The third category of data comprised of trade magazine articles (e.g., Billboard, Rolling Stones, etc.), analysis, and other industry publications in the popular music industry that covered the years of 1965-1995. This category of data provided insights on the industry structures, culture, and institutional environment during the lifespan of the band (Passman, 2009). And finally, we also consulted academic articles in various disciplines such as business, sociology, and philosophy (Adams & Sardiello, 2000; Gimbel, 2007) including business cases regarding the Grateful Dead (Hamermesh, Marshall, & Pirmohamed, 2002).

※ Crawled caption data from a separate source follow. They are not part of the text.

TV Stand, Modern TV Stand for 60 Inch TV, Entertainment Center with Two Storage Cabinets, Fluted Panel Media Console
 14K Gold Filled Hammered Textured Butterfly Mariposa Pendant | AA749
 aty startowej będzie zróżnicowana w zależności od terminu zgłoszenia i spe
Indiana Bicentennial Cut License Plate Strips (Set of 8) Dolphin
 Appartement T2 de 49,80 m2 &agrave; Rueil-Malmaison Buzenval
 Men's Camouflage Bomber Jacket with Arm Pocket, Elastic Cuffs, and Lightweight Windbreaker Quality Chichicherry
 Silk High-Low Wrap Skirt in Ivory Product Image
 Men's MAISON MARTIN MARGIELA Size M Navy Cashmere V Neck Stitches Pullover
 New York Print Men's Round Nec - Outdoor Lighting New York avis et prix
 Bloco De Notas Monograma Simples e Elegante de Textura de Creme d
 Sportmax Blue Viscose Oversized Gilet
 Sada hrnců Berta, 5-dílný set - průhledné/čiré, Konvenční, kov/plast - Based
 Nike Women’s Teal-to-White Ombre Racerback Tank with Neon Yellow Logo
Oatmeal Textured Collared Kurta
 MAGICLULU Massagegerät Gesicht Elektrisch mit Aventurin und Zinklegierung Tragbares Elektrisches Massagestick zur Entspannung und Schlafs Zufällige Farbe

DATA COLLECTION AND ANALYSIS
Data collection and analysis occurred in five steps. As stated earlier, we used inductive methods to obtain insights into the community and community development (Miles & Huberman, 1994). All primary and secondary data was managed through the NVIVO software. To increase reliability and validity of information derived from a large number of primary and secondary sources, we created a document coding protocol that linked the original texts with theoretical constructs and construct relations. The data was organized in chronological order, and relevant data segment was coded according to content and its sources. This coding method provided researchers with a main summary of events.
After gathering the initial data, independent analysis of the data-set by both researchers was conducted. We based our assessment on two sets of research questions formulated at the beginning of the process: 1) What type of institutions in the music industry did the band face at their startup? How did the business model and strategy of Grateful Dead differ from that of the bands which followed the dominant institutions at the time? 2) How did the band create a community that supported their alternative business model? What were the roles of the fans in creating the community?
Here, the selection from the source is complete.